NELIO MACHADO
Se no regime de exceção havia a possibilidade de defesa, hoje, no regime democrático, com a escuta telefônica, resta ao advogado discurso simbólico |
A Polícia Federal tem lançado mão de operações de grande notoriedade na mídia, todas com denominações inusitadas, como Hurricane, Chacal, Satiagraha e Pandora. Em comum, um elemento emerge na Justiça, aclamado pela acusação, mas estarrecedor para a defesa do cidadão -os chamados “métodos modernos de investigação”.
Destaque para o uso da interceptação telefônica pela autoridade policial, com a concordância do Ministério Público e a indispensável permissão judicial, a despeito de tal prática ferir um dos princípios mais fundamentais e elementares do direito, o de não produzir prova contra si mesmo.
No regime de exceção, presenciamos graves situações de cerceamento dos direitos do cidadão.
Ninguém haverá de se esquecer do terror instalado e potencializado, sobretudo a partir do Ato Institucional nº 5, de 1968, em que se suprimiu, dentre outras tantas garantias, a mais elementar delas: o direito de habeas corpus.
Ao tempo do regime militar, a tortura era, lamentavelmente, o “método de investigação” empregado para a obtenção da “confissão de culpa” o quanto antes.
Todavia, mesmo no regime de exceção, a defesa judicial era compreendida como fundamental para a garantia do devido processo legal. Na prática, a defesa atuava como uma espécie de contrapoder ao Estado, a despeito de sua virulência na fase apuratória.

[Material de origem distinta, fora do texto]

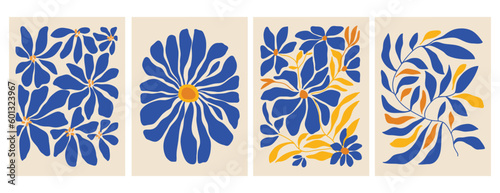 Abstract contemporary posters with floral design, aesthetic minimalist backgrounds set, modern trendy wall decoration in blue and yellow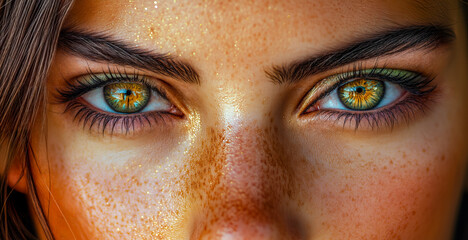 Fototapeta premium Gros plan sur des yeux colorés de femme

Em última análise, os advogados sustentavam, as mais das vezes com sucesso, que as provas colhidas por meio de violências não poderiam levar ninguém à condenação. Em juízo, os defensores clamavam e bradavam, sem receio, contra a tortura, e as vozes da resistência ultrapassavam as fronteiras do país.
Constatamos agora, porém, que, se no regime de exceção havia a possibilidade de defesa, pois a prova extrajudicial era muitas vezes invalidada, hoje, no regime democrático, com a proliferação da escuta telefônica, resta ao advogado discurso meramente simbólico.
Isso porque a decisão está, muitas vezes, tomada a partir de declarações interceptadas, de forma parcial, por vezes distorcidas, com despropositadas interpretações policiais. Atualmente, formou-se na estrutura da investigação criminal verdadeiro “triunvirato acusatório”: a polícia que “grampeia”, o Ministério Público que “chancela” e o juiz que “autoriza”, avalizando, passo a passo, o andamento das “investigações”. Não há mais contrapoder oponível ao Estado.
Os integrantes da cena processual ficam contaminados em seus convencimentos pela atuação direta no procedimento sigiloso e inquisitorial. No passado, pela hediondez da tortura, repudiava-se a prova assim colhida, o que não ocorre com a interceptação telefônica, apesar de ambas obterem a autoincriminação por via oblíqua.
Para os advogados, pasme-se, era menos difícil defender os então perseguidos políticos do que os atuais destinatários das “modernas técnicas de investigação”.
O ministro Eros Grau, em decisão proferida no Supremo Tribunal Federal, em feito de que foi relator, afirmou, com invulgar nitidez, em julgado de 2008:
“O acusado já então não se verá diante de um juiz independente e imparcial. Terá diante de si uma parte acusadora, um inquisidor a dizer-lhe algo como ‘já o investiguei, colhi todas as provas, já me convenci de sua culpa, não lhe dou crédito algum, mas estou a sua disposição para que me prove que estou errado!’ E isso sem sequer permitir que o acusado arrisque a sorte em ordálias…”.
Fica a indagação: até que ponto a prestação jurisdicional nesses moldes se adequa à possibilidade de um julgamento justo?
NELIO MACHADO, 60, é advogado criminal.